- Your instructions -
Could you copy every record below exactly, leaving out the pictures?

####

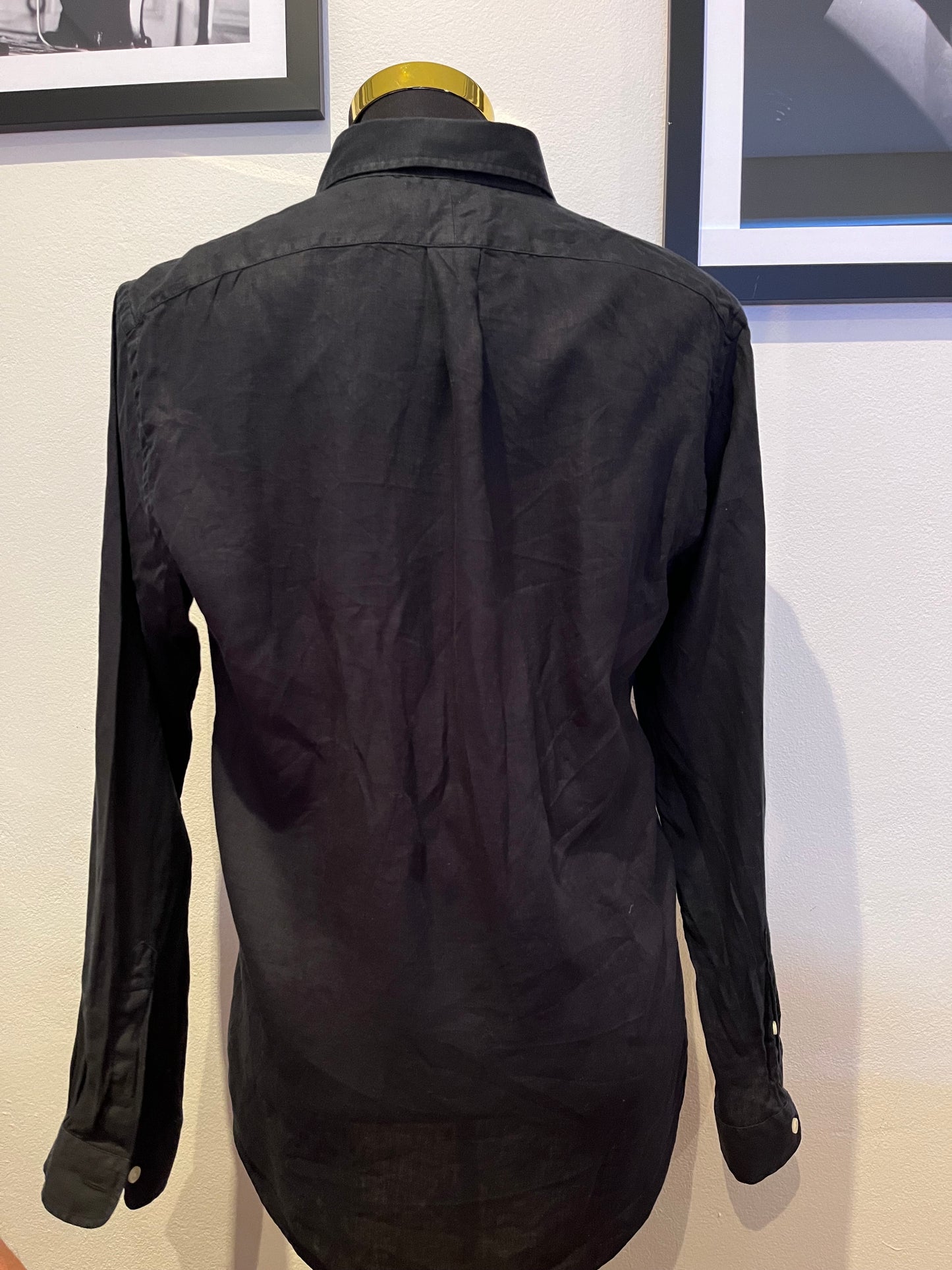 Ralph Lauren 100% Cotton Linen Black Slim Fit Shirt Size Large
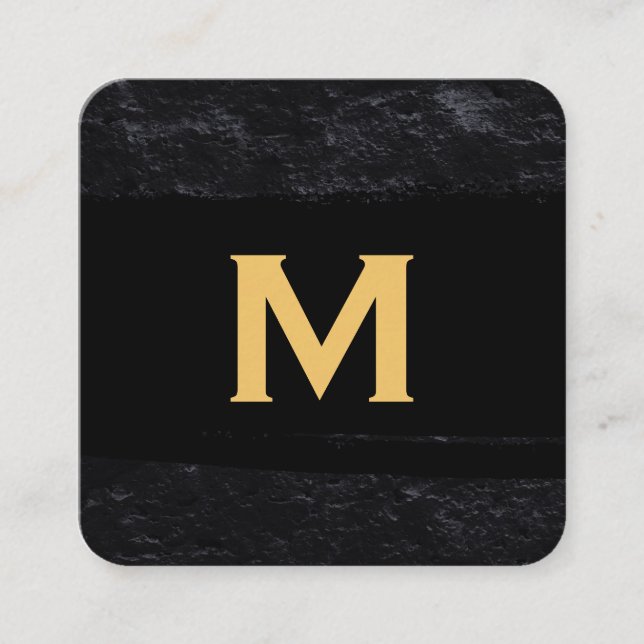 Executive Monogram | Slate Brushed Fyrkantigt Visitkort (Framsida)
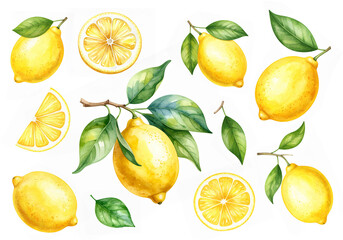 Set Of Lemon With Leafs And Slices In Watercolor Style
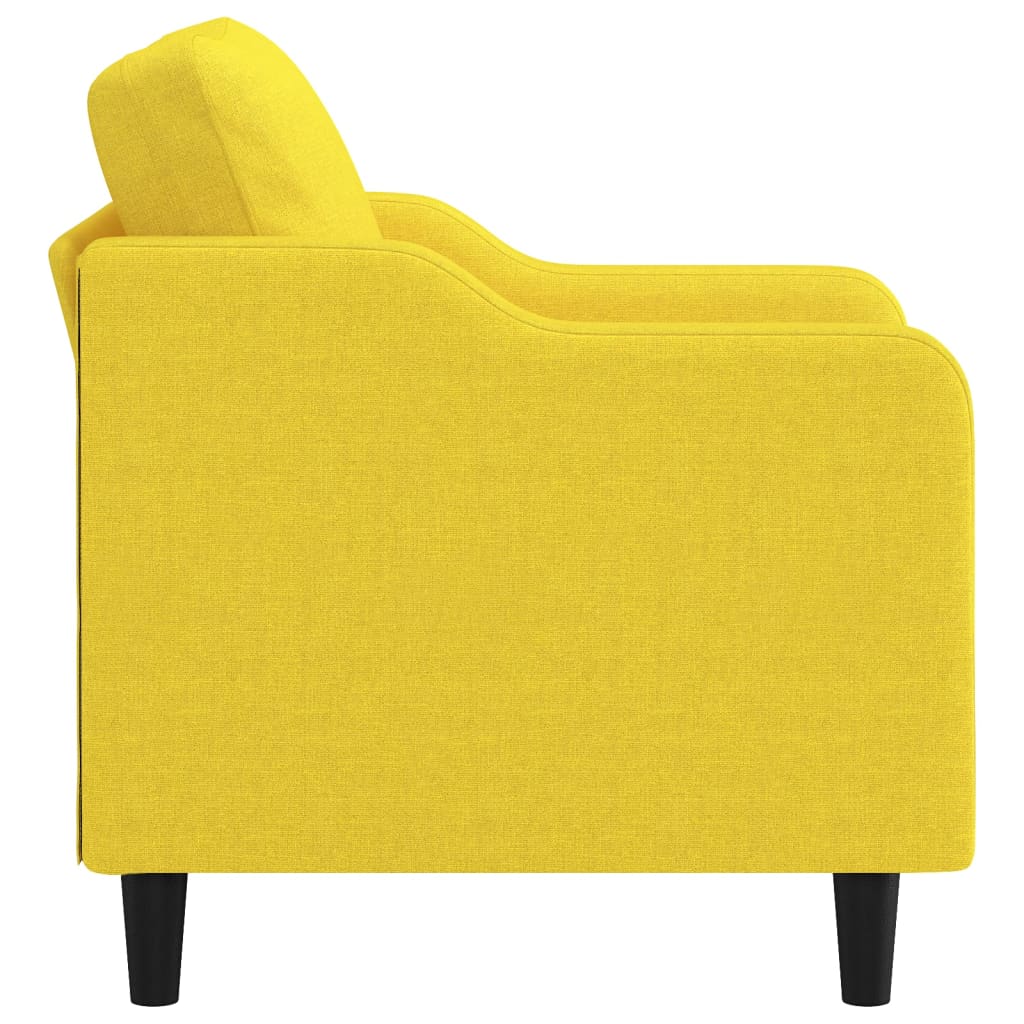 Poltrona Giallo Chiaro 60 cm in Tessuto - homemem39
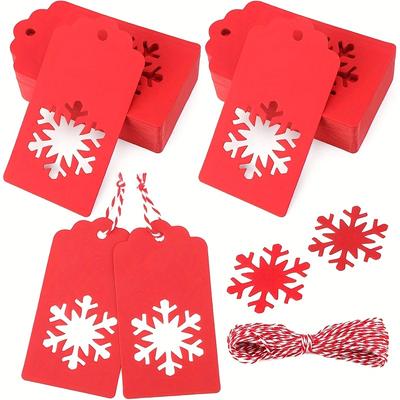 100 Weihnachtsgeschenkanhänger mit Schnüren, rote hohle Weihnachts-Schneeflocken-Papieranhänger, Weihnachts-Namensschilder, Weihnachtsgeschenkanhänger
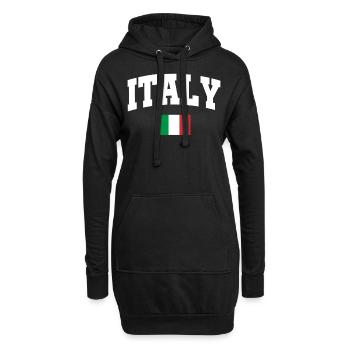 Drapeau italie - Sweat-shirt à capuche long Femme - noir - Devant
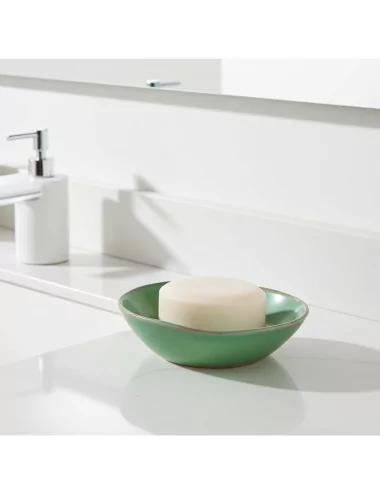 Seifenschale Ton rund mint-grün neben Lavabo Seifenschale Ton rund mint-grün neben Lavabo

####

- Answer to the problem -
 Ralph Lauren 100% Cotton Linen Black Slim Fit Shirt Size Large
 Executive Monogram | Slate Brushed Fyrkantigt Visitkort (Framsida)
 Set Of Lemon With Leafs And Slices In Watercolor Style
 Poltrona Giallo Chiaro 60 cm in Tessuto - homemem39
 100 Weihnachtsgeschenkanhänger mit Schnüren, rote hohle Weihnachts-Schneeflocken-Papieranhänger, Weihnachts-Namensschilder, Weihnachtsgeschenkanhänger
 Drapeau italie - Sweat-shirt à capuche long Femme - noir - Devant
 Seifenschale Ton rund mint-grün neben Lavabo Seifenschale Ton rund mint-grün neben Lavabo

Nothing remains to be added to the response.